1. The problem with Abimelech taking Sarah is that "she is a man's wife". That is the definition of adultery (see Leviticus 20:10 and 18:20, Proverbs 6:29). Even the Hebrew word used in the 10 Commandments indicates this.

2. God takes adultery very seriously. God is threatening to kill Abimelech and everyone who belongs to Abimelech. God had already shut the wombs of Abimelech's wife and maidservants (vs 17-18).

3. Also note that God calls adultery a sin "against Me". Adultery is a direct affront against God Himself (see Psalm 51:4 and 2 Sam. 12:9-10).

4. Even though Abimelech already had a wife (and apparently concubines), he says he acted in integrity and innocence because he did not know that Sarah was a married woman. Abimelech's words indicate that he does not believe polygamy to be a sin, but does realize adultery to be a great sin (vs 9). In fact, Abimelech was utterly horrified by the thought of adultery (vs 9).

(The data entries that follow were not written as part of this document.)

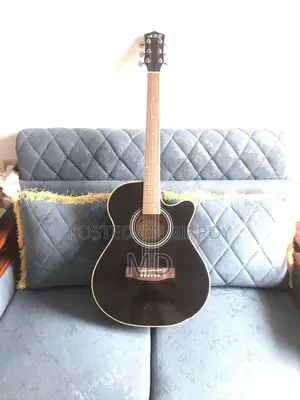 AXE AG-48C- Pure Acoustic Guitar - 100% Authentic AXE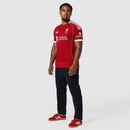 Liverpool Domicile 2025/26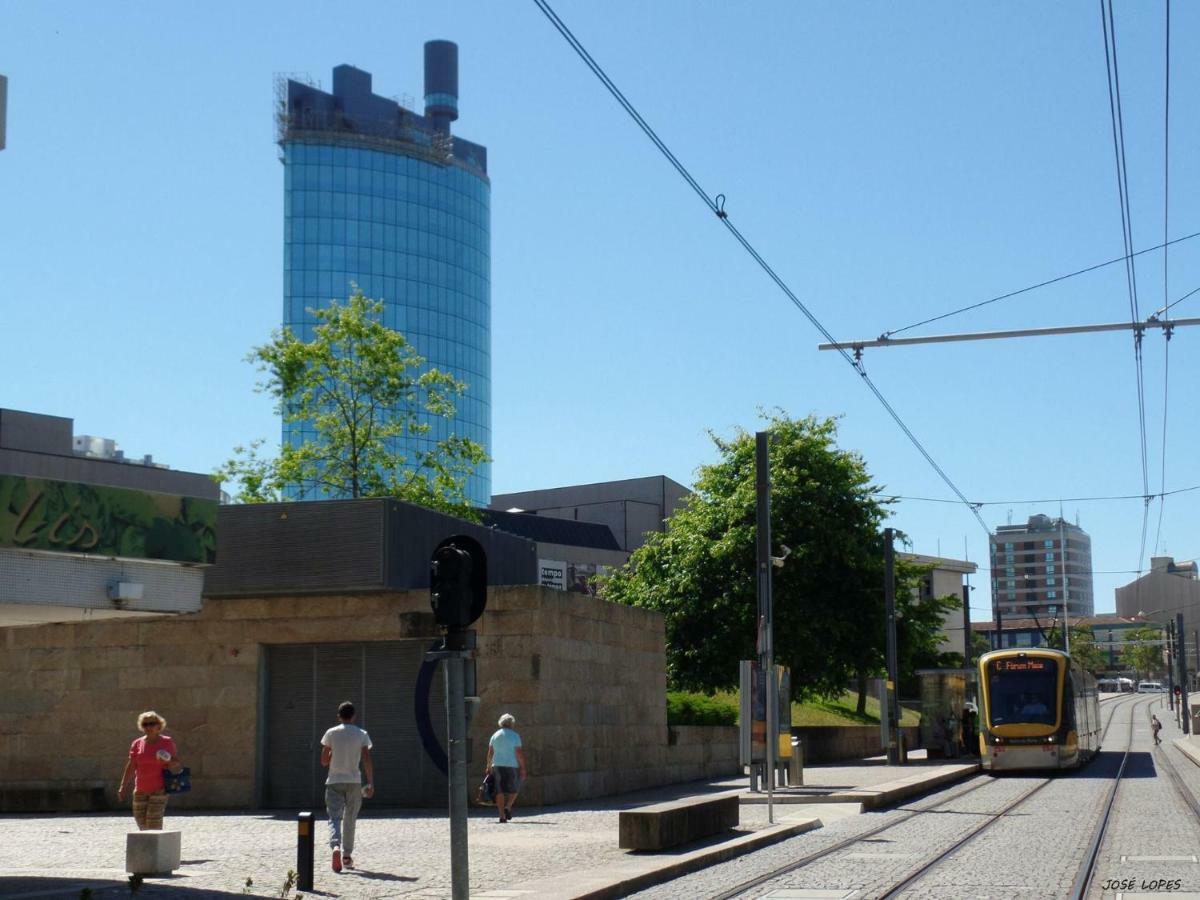 Destiny Oporto Apartment Maia  Bagian luar foto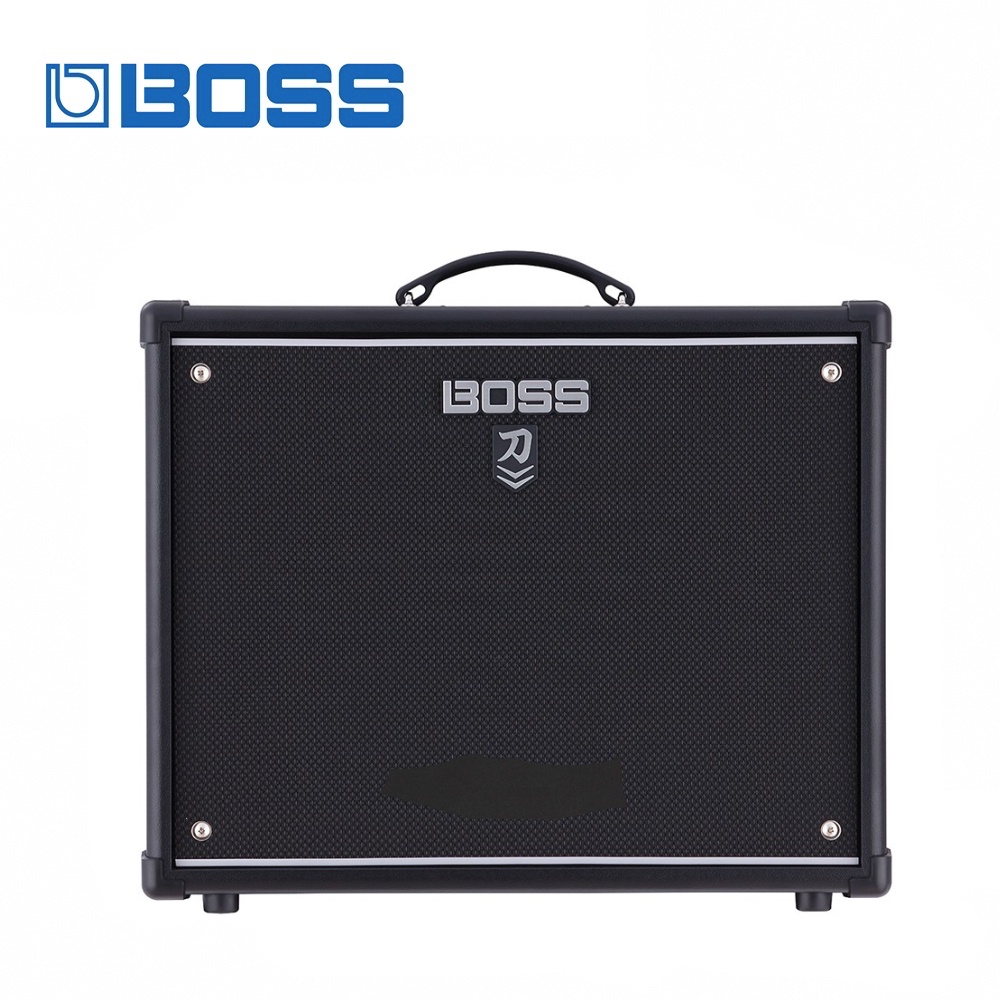 BOSS KATANA 100 MKII 100瓦吉他音箱【敦煌樂器】, , large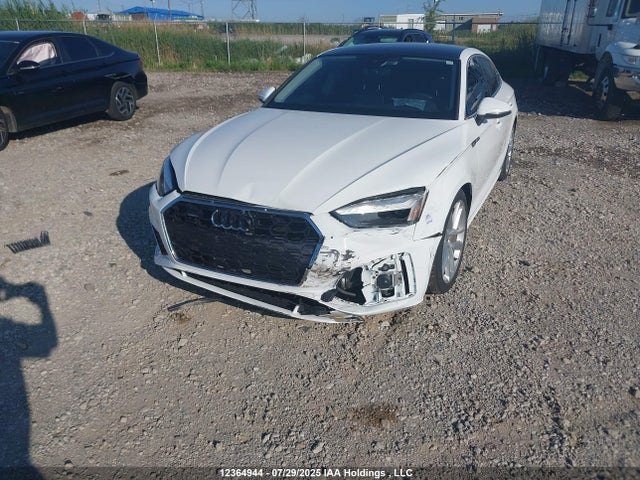 Audi 2020 2020 WAUFNCF59LA007069 Image 6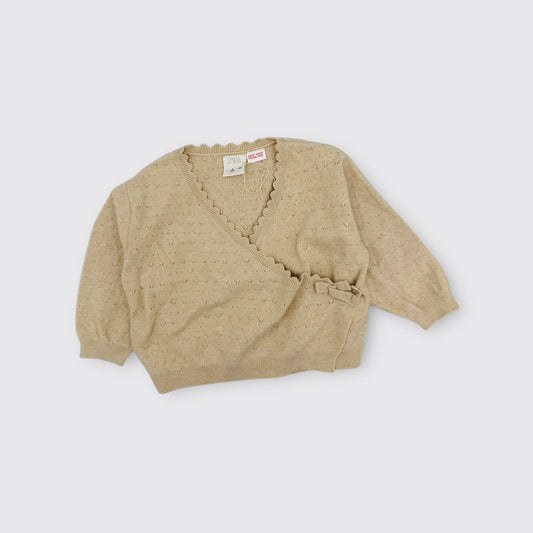 Zara - Pull -2 ans (92cm)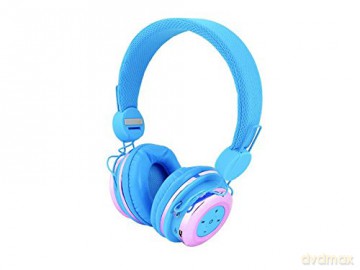 Lamex LTC75 BT Bezprzewodowe słuchawki bluetooth z mikrofonem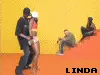 sean paul & sasha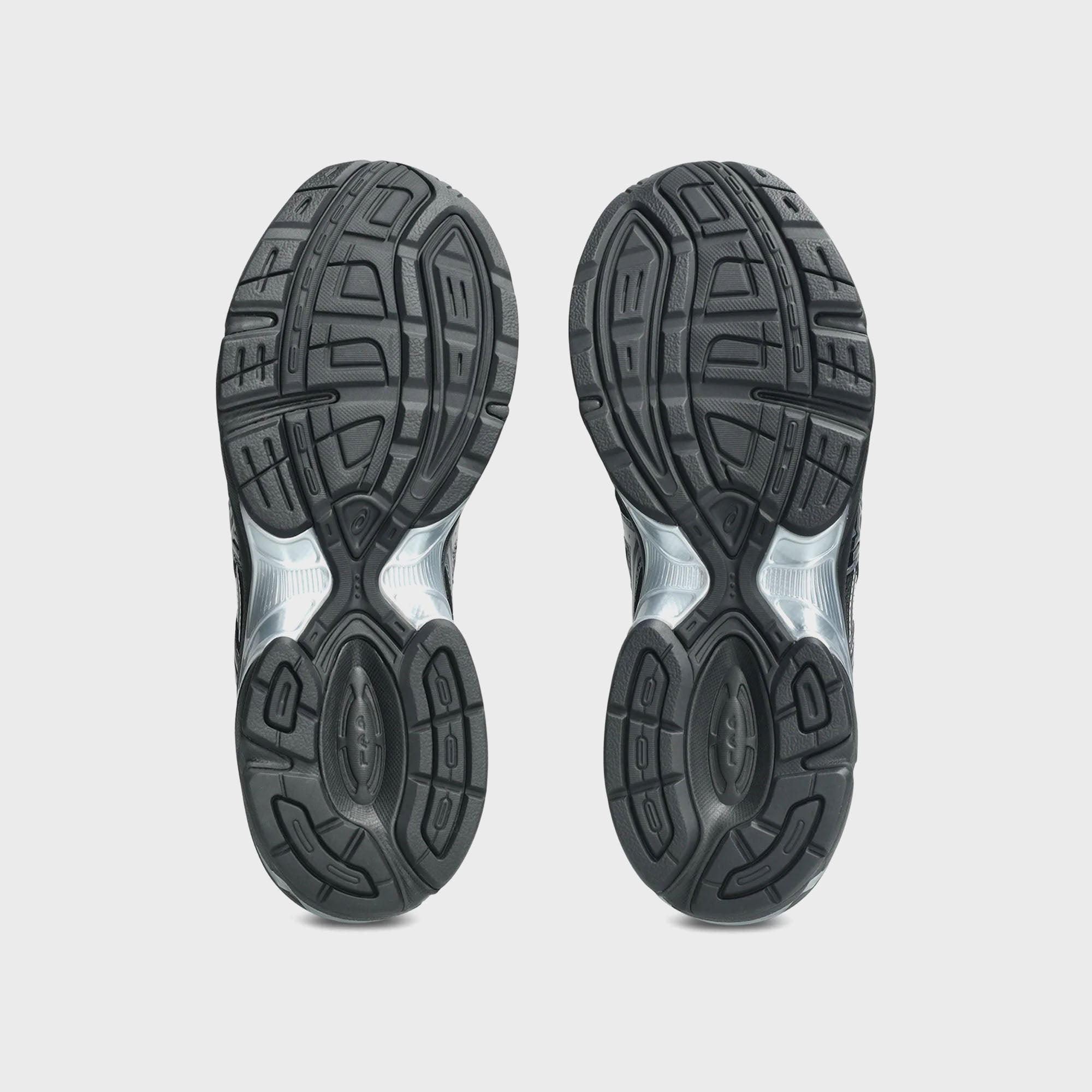 ASICS Gel-1130 - Black / Pure Silver – Kith Canada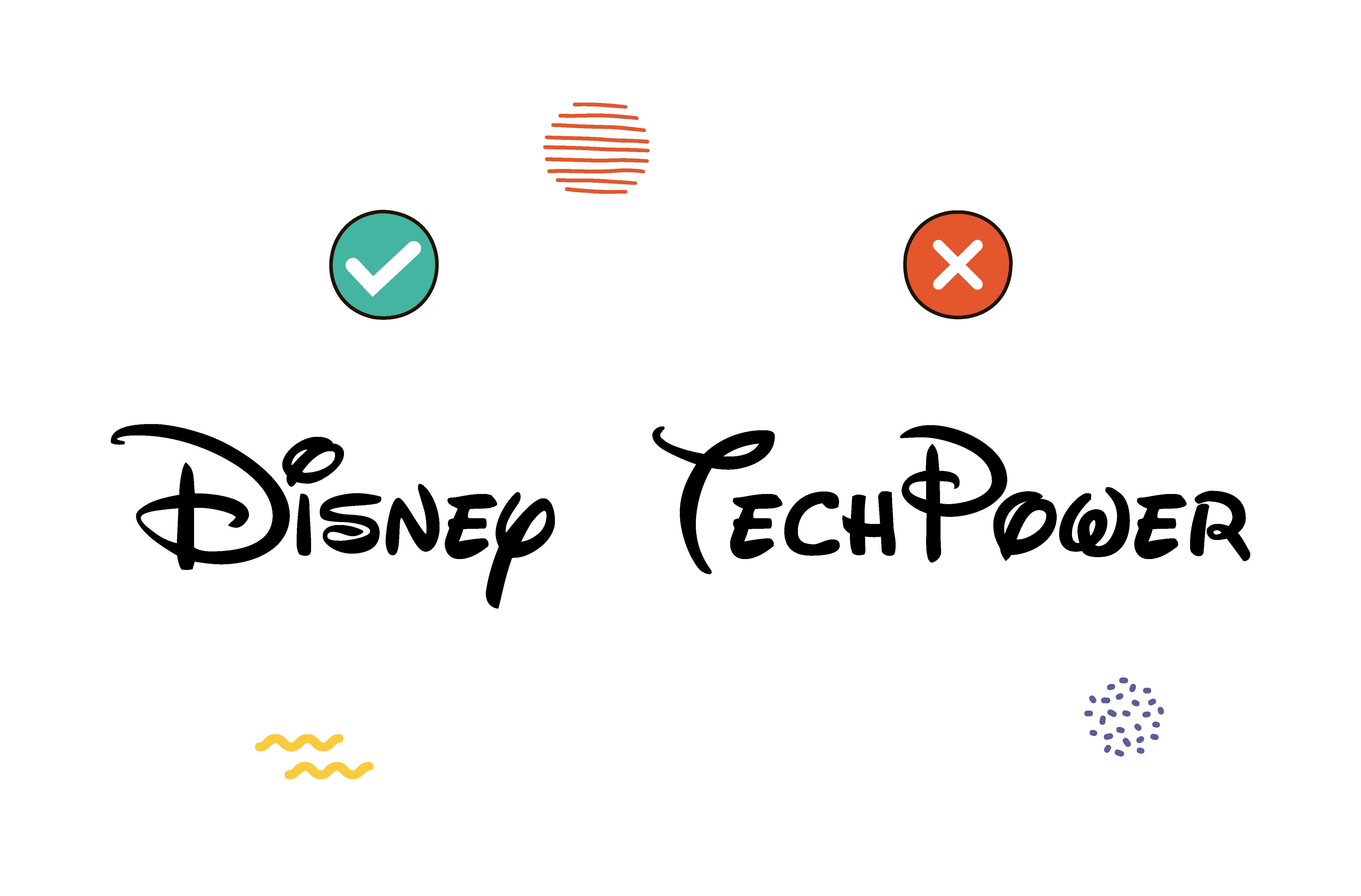 #345 - Logo design choosing the right font style disney logo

5. God agrees that Abimelech has acted in integrity. The Lord also said He kept Abimelech from sinning. God seems to have no issue with Abimelech having more than one wife, but considers adultery to be a capital crime.

Contrast this account of Abimelech+Sarah with that of Abraham+Hagar.

Abimelech almost accidentally committed adultery with Sarah, and God warned him, nearly killed him, and made his wife and maidservants barren for a season.

Abraham actually did have sexual relations with Hagar and had a son (Ishmael) with her. Abraham did not consider this to be adultery. Hagar apparently did not either, and even Sarah knew it wasn't adultery. God did not warn or punish Abraham for this action.

To the contrary, the blessings of God were upon both Ishmael and Hagar, though Ishmael was not to be the child of promise. As Galatians four tells us, the child of promise was born of the free woman, not the slave woman.

Please note that I am not defending Abraham's action here. I'm pointing out that it is totally different than the situation with Abimelech and Sarah.

If polygamy was adultery, then Abraham should have died. Abraham did not die.

There is no honest way to avoid the following conclusion.

Polygamy is marriage, not adultery or sexual immorality.